Could the data below be copied exactly, minus the pictures?
━━━ RAW DATA ━━━
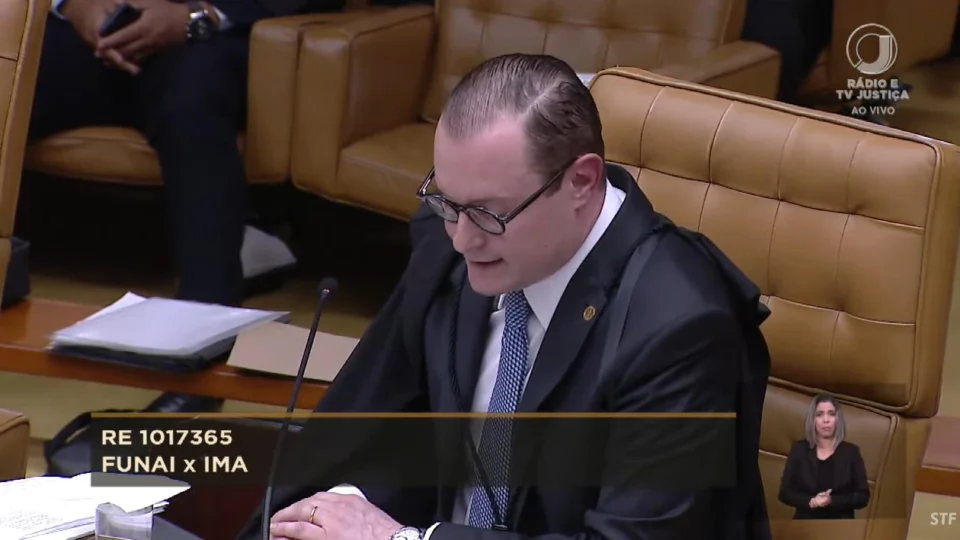 VÍDEO: acompanhe retomada da votação do Marco Temporal no STF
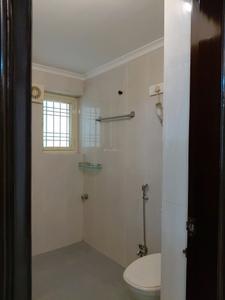 Common Bathroom Image of 1800 Sq.ft 3 BHK Apartment / Flat for sale in Vasant Kunj New Delhi for Rs. 44000000
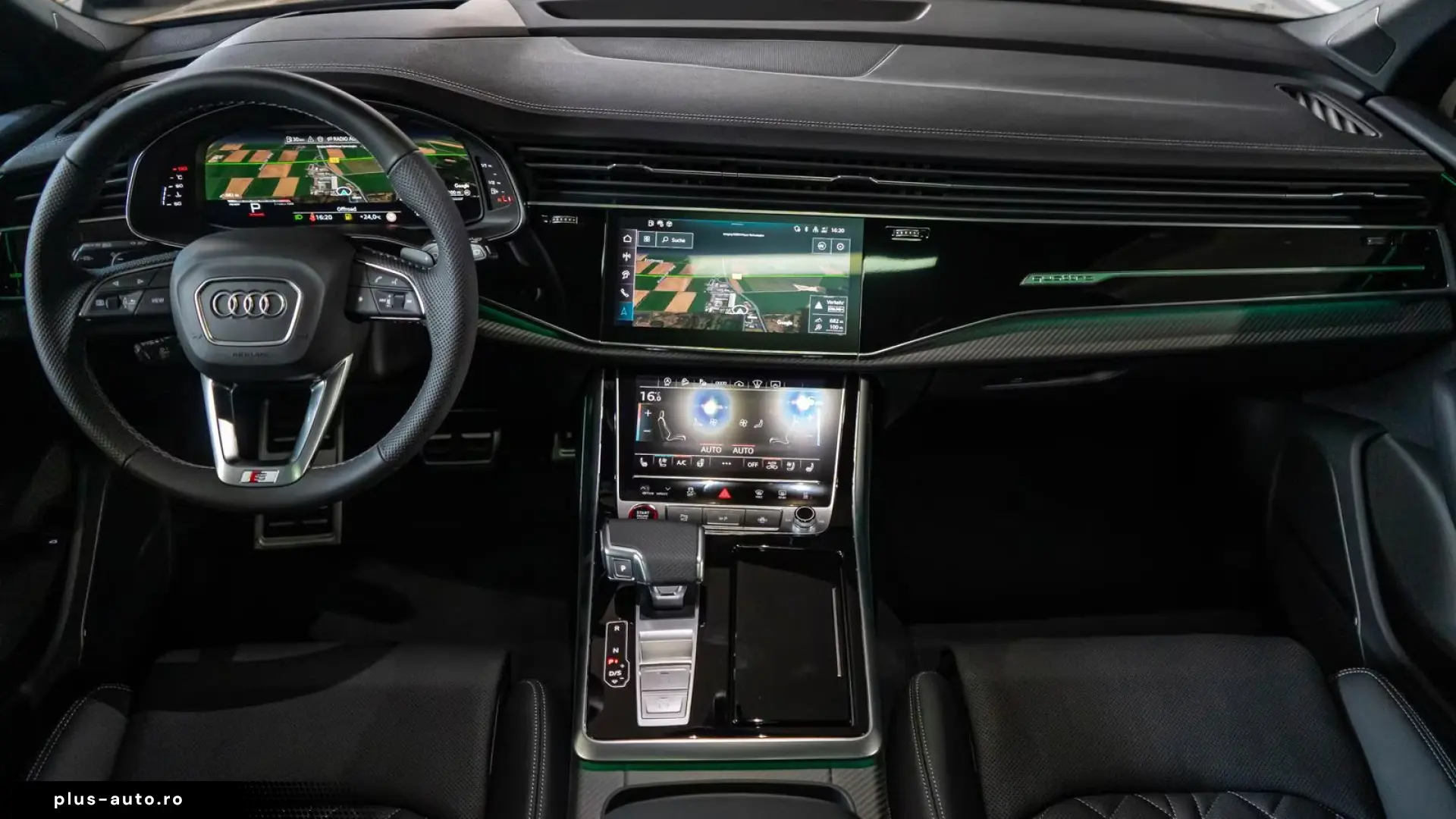 Audi SQ7 4.0 TFSI quattro AHK PANO B&O STHZ Facelift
━━━
> [THE ANSWER]:
 VÍDEO: acompanhe retomada da votação do Marco Temporal no STF
 Common Bathroom Image of 1800 Sq.ft 3 BHK Apartment / Flat for sale in Vasant Kunj New Delhi for Rs. 44000000
 Audi SQ7 4.0 TFSI quattro AHK PANO B&O STHZ Facelift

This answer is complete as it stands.